- Julian Castro is the first Latino to deliver a keynote speech at the DNC
- Ruben Navarrette: Castro will help Obama gain votes among Latinos
- He says Mitt Romney's Latino outreach efforts are about to take a direct hit
- Navarrette: Latinos can't be more proud of Castro, who is a rising political star
Julian Castro is ready for his close-up. The Mayor of San Antonio is already a hot commodity in his home state of Texas and throughout the Southwest.
Tonight, when the 37-year-old steps up to the lectern and becomes the first Latino to deliver a keynote speech at the Democratic Convention, the rest of the country will get a chance to see what all the fuss is about.
There's a lot to see. I've known Julian for eight years, and I've interviewed him a dozen times. He's one-half of a dynamic duo; his twin brother, Joaquin, a Texas state representative who is a shoo-in to win a new congressional seat in November, will introduce him tonight. Both are graduates of Stanford University and Harvard Law School.
With the news that one brother would introduce another, what was already going to be a big story for the Latino community in America -- 50.5 million strong, 16 percent of the U.S. population on its way to 25 percent a few decades -- just became a huge story. The optics will be out of this world.
According to the polls, Obama is still ahead of Romney by more than 30 points with Latino voters. But Obama's Latino support has taken a hit because of his heavy-handed immigration enforcement record. Now, thanks to the Castros, don't be surprised if that support jumps 5 points overnight.
The twins' message will be something like this: Thanks to the hard work and sacrifice of our family, we have lived the American Dream. We love our community and our country, and -- if you support this president and this party -- more of these types of stories will be written.
Mitt Romney's Latino outreach efforts are about to take a direct hit.
I spent the morning of the speech shadowing my friend from one media interview to another, and squeezing in a few questions of my own whenever I could:
-- About what it's like to live a moment like this:
"The enormity of it is really impressive," Castro told me. "This is one of those moments where you know you need to be enjoying it as it's happening, but that's also hard to do because it's moving so fast."
-- About what he hopes his 3½-year-old daughter Carina, who accompanied her father to Charlotte and knows only that "Daddy is giving a big speech," takes away from tonight when she reads press clippings years from now:
"What I hope is that one day when she watches it that she understands that her family came here and sacrificed and worked hard to achieve the American Dream," he said. "And that this was the moment, the pinnacle of it. And I hope that she's very proud. And I also hope, like any dad, that she goes further than I did."
-- About what he hopes his speech will mean to his mother, Rosie, who a generation ago was active in the Raza Unida Party (a third party born in the 1970s out of frustration with both Democrats and Republicans:
"I hope that my mother takes away that all her generation did, the sacrifices she made, the activism that she engaged in with folks of her generation, led us to this moment," Castro said. "This is the wonderful progress that the country has achieved not just for them but for so many Americans, that America has lived up to its highest ideals and our family is one example of that."
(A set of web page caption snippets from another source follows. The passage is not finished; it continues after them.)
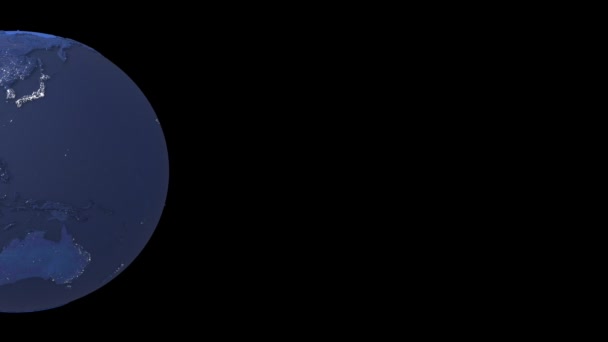 Realistyczna noc obracająca Ziemię na czarnym tle. Kręcący się ciemny 3d ziemi globus płynne pętli animacji. — Wideo stockowe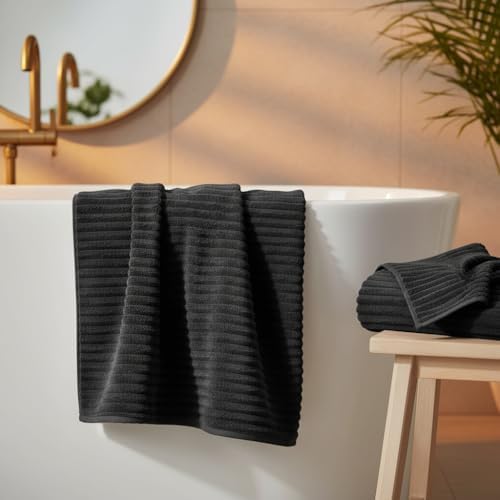 2 Piece Bath Sheets, 40"x80" Microfiber Bath Towels, Black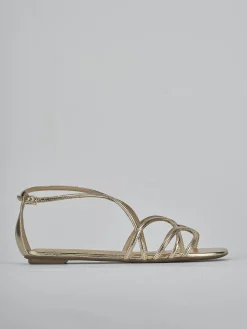 New Sandali tacco 1cm laminato Donna Sandali Tacco Basso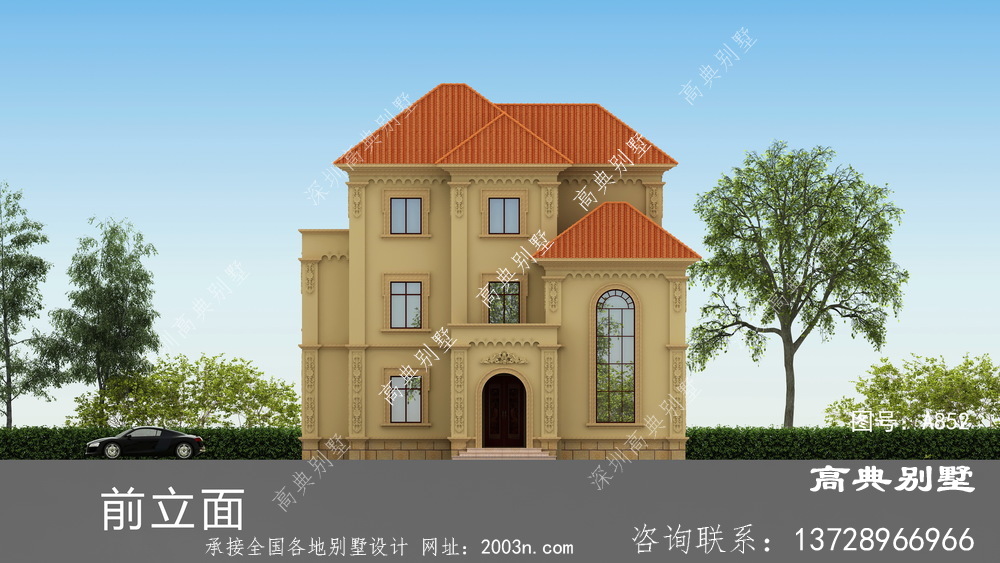 欧式经典风格三层复式别墅住宅设计图纸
-- Lastly, about the reaction he's getting from the large contingent of Spanish-language media that is covering the convention, whose audience is more Mexican than Mexican-American, more immigrant than native-born:
"The interviews are always very warm," he said. "You can hear in people's voices a certain pride and aspiration, and of course that feels very good to me. I just want to make sure that I do a great job, and that I don't let people down."
There is little chance of that. The Castros don't let people down; they lift people up.
Get ready, America. A new generation offers a leader. And a population of people who helped build this remarkable country, and who have repeatedly answered the call to defend it, have finally come into their own.
We Mexican-Americans are known for our humility. But is there pride in that? You had better believe it.